Task details:
Drop every picture and copy exactly the lines from the one with "Stanza in affitto a Padova, Veneto" through the last line of the listing below.
==================================================
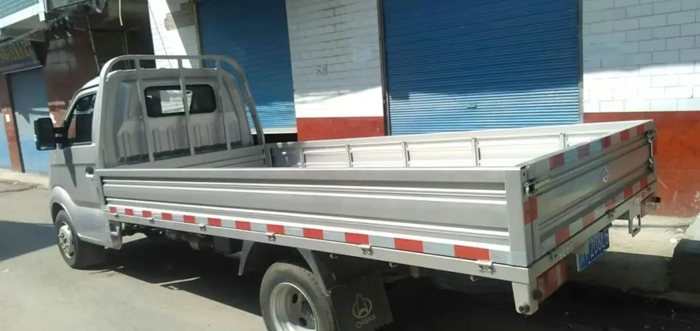 長(zhǎng)安跨越王X7助推賀師傅果蔬致富一路領(lǐng)“鮮”！4.jpg
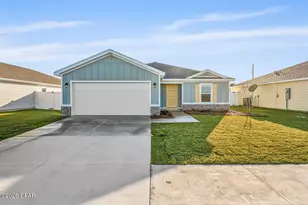 469 Salt Creek Ln, Mexico Beach, FL 32456 - Photo 2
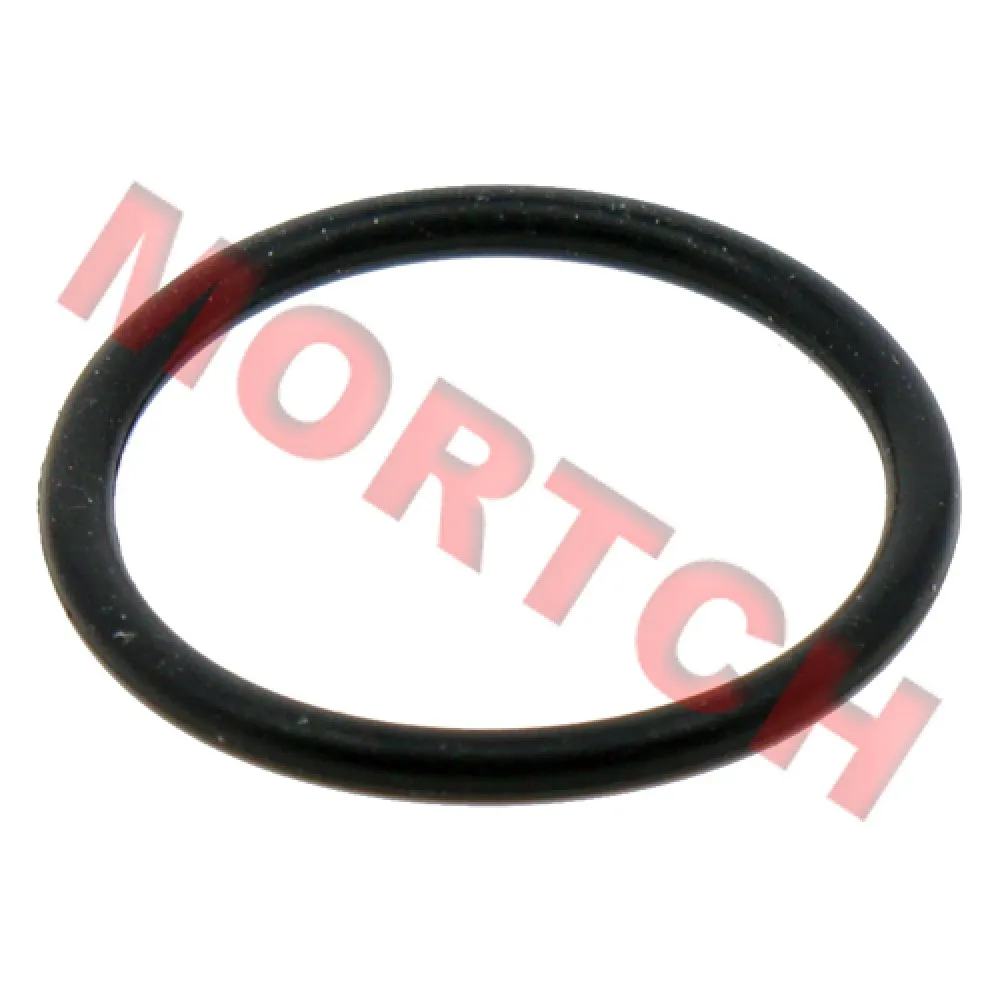 O-Ring 28 x 2.65 For Thermostat Seat 30502-028000N For CFMoto 550cc ENGINE ATV CF400 CF450 UTV CF520 CF550 SSV 800XC 850XC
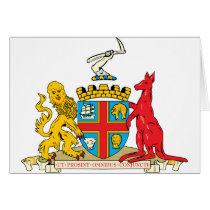 adelaide, Australia cards by bestflag adelaide, Australia cards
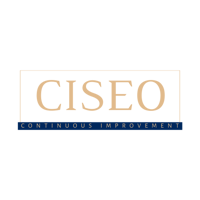 CISEO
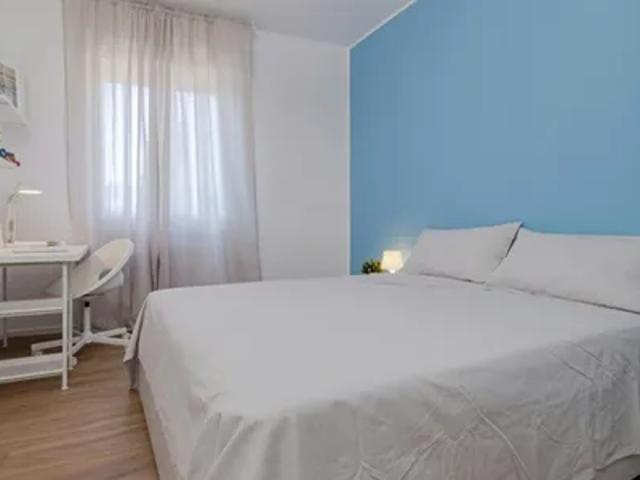 Stanza in affitto a Padova, Veneto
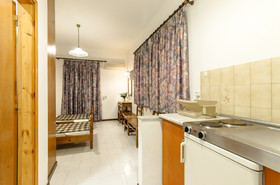 Chrysafis Studios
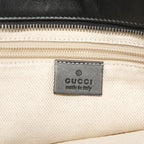 Gucci Tote GG Canvas — view 9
==================================================
Result:
 Stanza in affitto a Padova, Veneto
 Chrysafis Studios
 Gucci Tote GG Canvas — view 9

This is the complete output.